Wouldn’t it be better if you could clearly state what you do as a Data Scientist? You probably agree your work life would be easier if your colleagues and customers could understand what you do.
- A biologist wouldn’t say they are a biologist because they work with petri dishes as opposed to experiments to understand life. However some Data Science definitions focus on use of tools like Hadoop.
- A physicist wouldn’t say they are a physicist because they run simulations of their models as opposed to understanding matter. However some Data Science definitions focus on activities like modelling, data cleaning and visualizations.
- All these sciences use statistics to design their experiments and test their hypotheses. Yet some Data Science definitions focus on overlaps of statistics with computer science and unicorns.
A Definition of Data Science
The secret to defining data science is to focus on the science.

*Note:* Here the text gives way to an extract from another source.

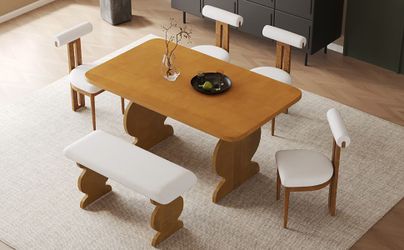 6-Piece Dining Set, Mid-Century Modern Table Set for 6 Persons with 4 Chairs and Bench, Padded Seats and Backrest, Walnut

Here is a simple definition of Data Science:
Data Science is the application of the scientific method to find opportunities and efficiencies in business data
There are a few things to note about this definition:
- it’s technology agnostic. It’s not about Big Data, Hadoop or whatever the next technology breakthrough might be.
- it’s applied to finding opportunities and efficiencies in data. It’s not the study of data – that’s statistics.
- it’s not about activities that may be part of the lifecycle of working with data.
- it’s applied to the data that describes a business’s processes, just like the data a natural scientist collects to understand a natural process
- most importantly, it uses the scientific method, “systematic observation, measurement, and experiment, and the formulation, testing, and modification of hypotheses” .
The application of the scientific method is central to data science and something I want to come back to in a more detailed post.